The base cases are clear. Next suppose $n>1$ is an integer and that the result is true for all positive integers less than $n$.
Case $1$: $n$ is even. Then $\frac{n}{2}$ is an integer less than $n$ and so is expressible as $\frac{n}{2} = 2^k m$ for a unique odd $m$. Then $n = 2^{k+1} m$ is unique way to express $n$ in such a way.
Case $2$: $n$ is odd. Then $n = 2^0 n$ is one way to express $n$ in the required form. Suppose $n = 2^0 m$ for some other odd $m$, then clearly $m=n$ so the expression above is unique.
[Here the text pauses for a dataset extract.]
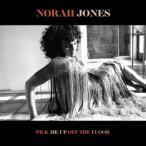 Norah Jones ピック・ミー・アップ・オフ・ザ・フロア ［SHM-CD+DVD］＜初回限定盤＞ SHM-CD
A: Existence: Every time we take a positive integer and divide it by $2$, it gets smaller.  So by the Well-Ordering Principle (equivalently, by the nonexistence of positive integers $n_1 > n_2 > ... n_k > ...$), eventually this process has to stop: thus we've written $x = 2^a y$ with $y$ not divisible by $2$ (which I assume is your definition of "odd".  It's a short argument involving the Division Theorem to show that an integer is odd if and only if it's of the form $2k+1$.) 
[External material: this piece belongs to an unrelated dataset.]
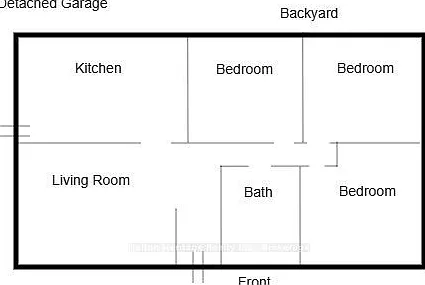 3 bed, $2,350 — Photo 1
Uniqueness:  Suppose $x = 2^{a_1} y = 2^{a_2} z$ with $0 \leq a_1 \leq a_2$ and $y,z \in R$ and $y$ and $z$ not divisible by $2$.  Then $y = 2^{a_2-a_1} z$.  Since $y$ is not divisible by $2$ we must have $a_2 - a_1 = 0$, i.e., $a_1 = a_2$; since $\mathbb{Z}$ is an integral domain -- i.e., $AB = AC$ and $A \neq 0$ implies $B = C$ -- we conclude $y = z$.  
I claim that essentially the same reasoning proves a much more general result.
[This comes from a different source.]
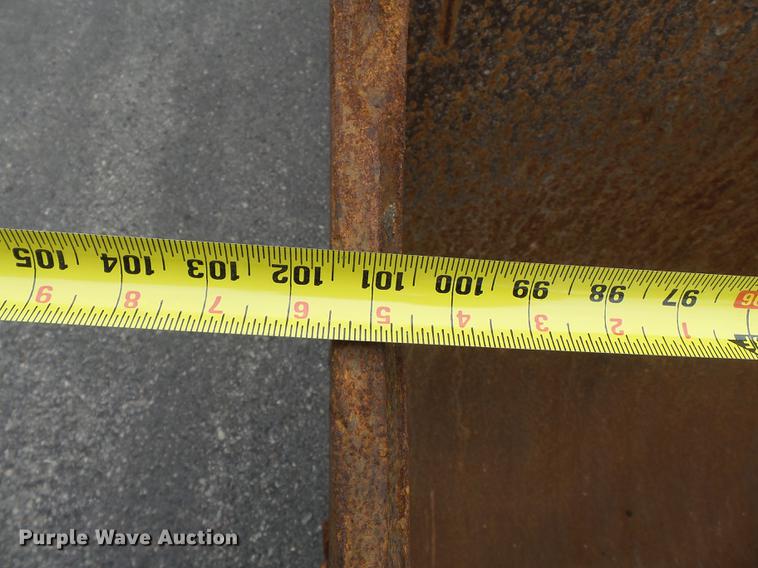 image for item DB7246 1995 Case 621B wheel loader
Proposition: Let $R$ be an integral domain satisfying the ascending chain condition on principal ideals (ACCP) -- e.g. a Noetherian domain -- and let $p$ be a nonzero, nonunit element of $R$.  Then every nonzero element $x \in R$ can be written as $p^a y$ with $p \nmid y$, and if $p^{a_1} y_1 = p^{a_2} y_2$, then $a_1 = a_2$ and $y_1 = y_2$.

Indeed, the uniqueness part of the argument holds verbatim with $2$ replaced by $p$.
Existence: If $x$ is not divisible by $p$, then we may take $a_1 = 0$ and $y =x$.  Otherwise, we may write $x = p y_1$.  If $y_1$ is not divisible by $p$, then again we're done; if not, we can write $y_1 = p y_2$, so $x = p^2 y_2$.  If at some point we reach $x = p^a y_a$ with $y_a$ not divisible by $p$, then we're done.  If not then $(y_1) \subsetneq (y_2) \subsetneq \ldots$ is an infinite strictly ascending chain of principal ideals, contradiction.  
Thus we've associated a sort of $\operatorname{ord}_p$ function to any nonzero nonunit in any domain satisfying ACCP.  This function is a discrete valuation if and only if $p$ is a prime element.